The purpose of the anti-fraud provisions of the Advisers Act, particularly Section 206, is to prohibit hedge fund managers from misleading investors by engaging in fraudulent, deceptive, or manipulative activities. The anti-fraud provisions are broadly written and cover the calculation of performance information and the dissemination of marketing or advertising materials. Accordingly, hedge fund managers, registered or not, must still ensure that their advertisements do not violate the anti-fraud provisions.

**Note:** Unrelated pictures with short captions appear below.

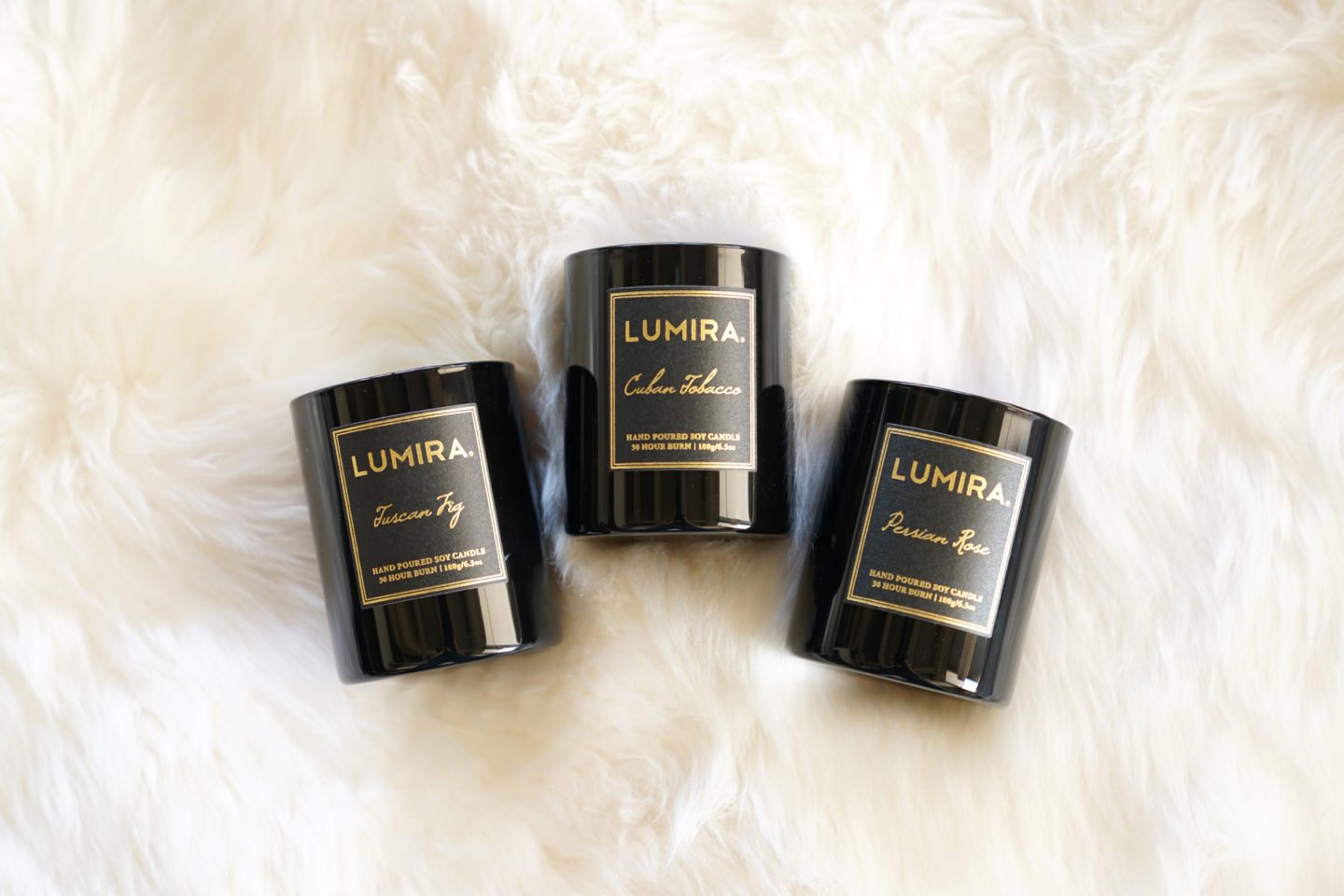 Lumira Holiday Trio Minis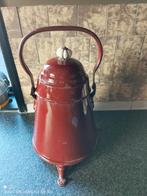 Emaille doofpot, Antiek en Kunst, Antiek | Emaille, Ophalen of Verzenden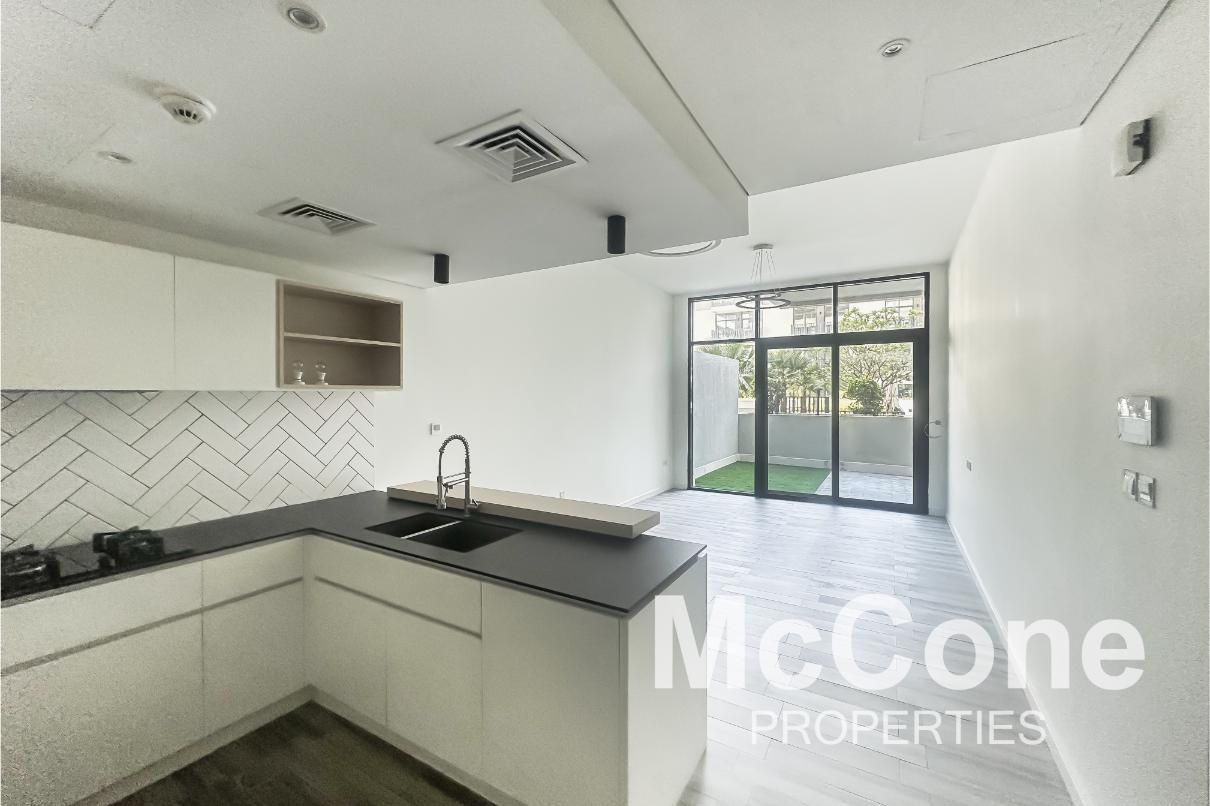 Pool Facing | Modern | Spacious Terrace
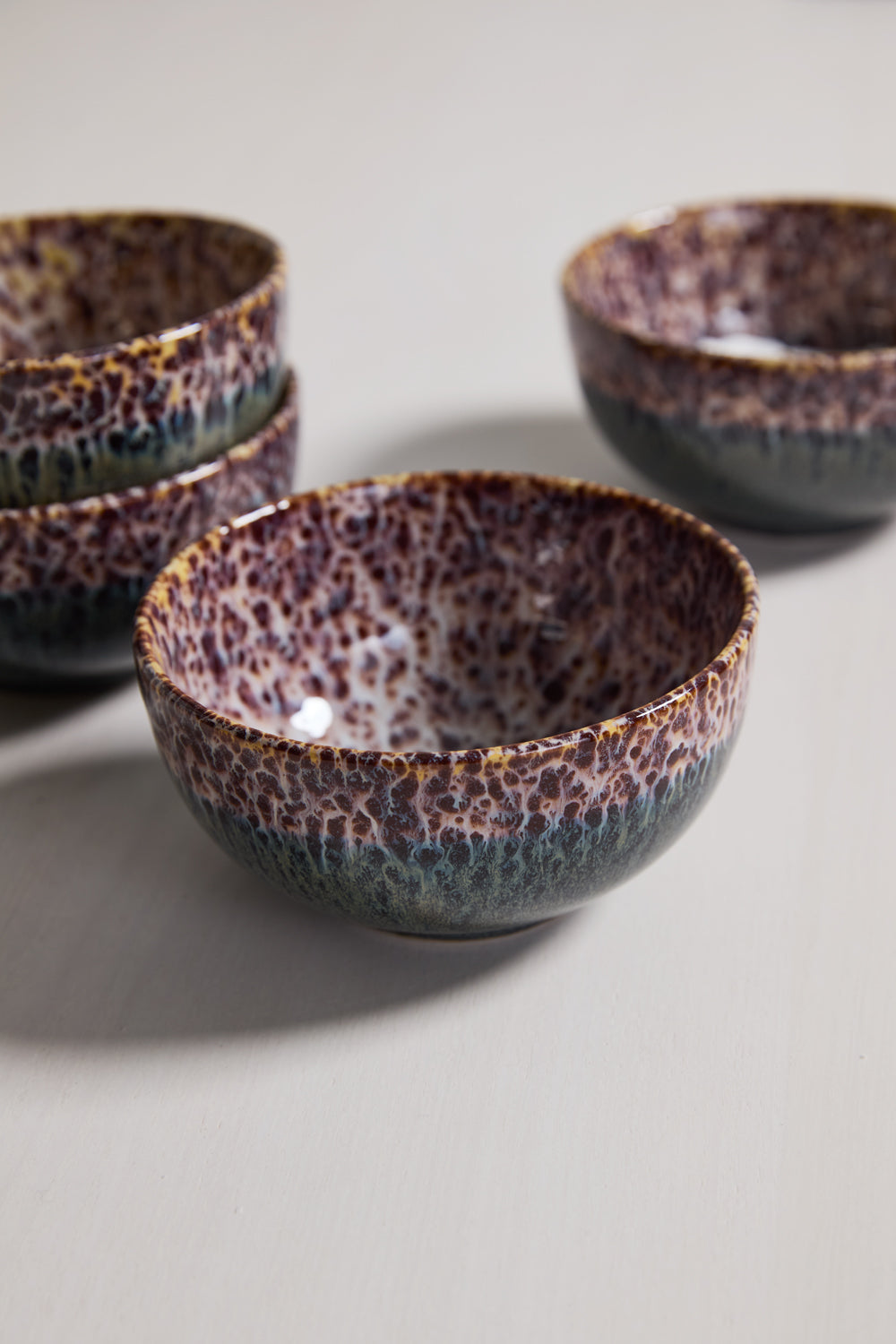 Starling Dinner Collection Set of 4 By Accent DŽcor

Advertisements and Marketing Materials
An advertisement is defined as an offer of investment advisory services regarding securities, which is communicated or addressed to more than one person, or made in any publication or by radio or television. Although the Advisers Act does not explicitly cover one-on-one presentations, it is a violation of the anti-fraud provisions to mislead investors regardless of the context. The SEC has recently brought a number of enforcement actions against hedge fund managers under the anti-fraud provisions for misleading potential investors. For example, the SEC has brought enforcement actions under Sections 206(1) and (2) against hedge fund managers for disseminating advertisements that exaggerated performance, improperly valued assets, did not disclose conflicts of interest, falsified or fabricated statements or other information, or misrepresented the trading methodology used by the hedge fund manager. SEC enforcement actions may result in cease-and-desist orders, disgorgement of fees, fines, and civil penalties. Moreover, a hedge fund manager’s investors may bring a claim against the hedge fund manager under the applicable state anti-fraud statutes.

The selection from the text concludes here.